Frame standards ARE interesting, and they are useful. They are not always necessary, nor are they perceived as "cheap" for small companies. The interest in scientific pursuit, the desire for increased structural integrity (regardless if it exceeds what forces a frame is LIKELY to receive), and the budget to perform this type of testing is necessary for it to occur. Smallish builders are unlikely to have all three of these criteria. But we can still LEARN from those that do go through these types of testing regimes.


----------



## woody74 (Apr 6, 2004)

Testing isn't that expensive. You can get it done for around £200 her frame by Bureau Veritas.

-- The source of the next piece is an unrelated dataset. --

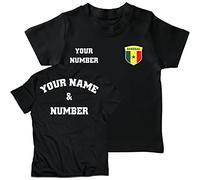 lepni.me Maillot de Football pour Enfants du Sénégal avec Votre Nom et Numéro | Insigne de Drapeau Sénégalaise Personnalisé | Coupe du Monde 2022 (12-13 Ans Noir Multicolore)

Bicycles Compliance Services


----------



## unterhausen (Sep 28, 2008)

since I have an advanced degree in mechanical engineering, I have given thought to analysis and testing of frames. Then a colleague pointed out that it would be a curse, building in extra liability where there was only a little before. So I really haven't looked into it any more than that. Bicycle structures generally have fairly small safety margins in fatigue. And a lot of fatigue problems don't really show up in fea, they are more problems of execution. So if I build using generally accepted designs and good technique, I'm not going to have a lot to worry about


----------



## carpio77b (Sep 11, 2011)

Unterhausen,

Doesn't the testing standard shift some liability to the independent inspection agency/insurer?
Are you saying that most bicycles (steel) are designed for stress near or above the fatigue limit? Also, your second comment referring to execution implies weld quality as the source of failure. I suppose ultrasonic testing of the welds may be impractical due to geometry.


----------



## unterhausen (Sep 28, 2008)

first off, most frames have not been designed to any stress limits. My comment about safety margin is related to the failures I have seen. I don't know anything about weld inspections. My work with ultrasound hasn't gone into that aspect. It seems like it should be a little tricky to get decent ultrasonic measurements on something as thin as a bicycle tube -- I'll have to try it.

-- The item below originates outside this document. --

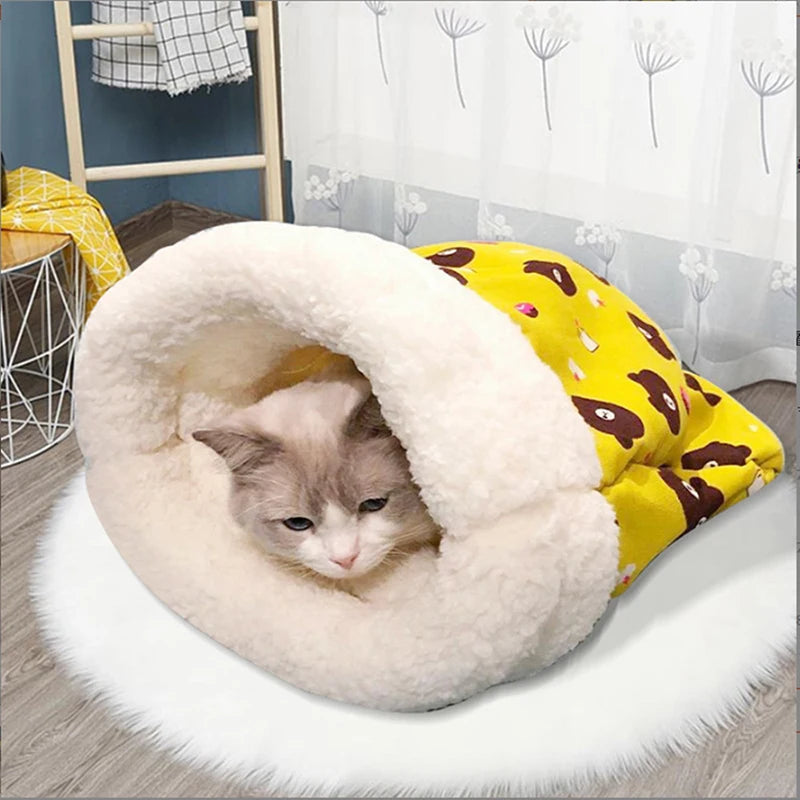 Autumn and winter warm cat kennel, closed cat bed, cute cat sleeping bag, Christmas essential pet supplies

As far as shifting liability, it seems to me that is not really effective for a sole proprietor builder. If a company is building a lot of frames that are the same, some testing and analysis makes sense. But really, not going crazy with design elements gives a builder a lot more useful information than testing and fea


----------



## carpio77b (Sep 11, 2011)

The tube wall can definitely be UT'd. Was referring to difficulty to get meaningful results with UT of the welds as these are the failure locations. The questions in this post are more applicable to the big brand bike companies who have the bucks for stress design analysis, optimization and testing.


----------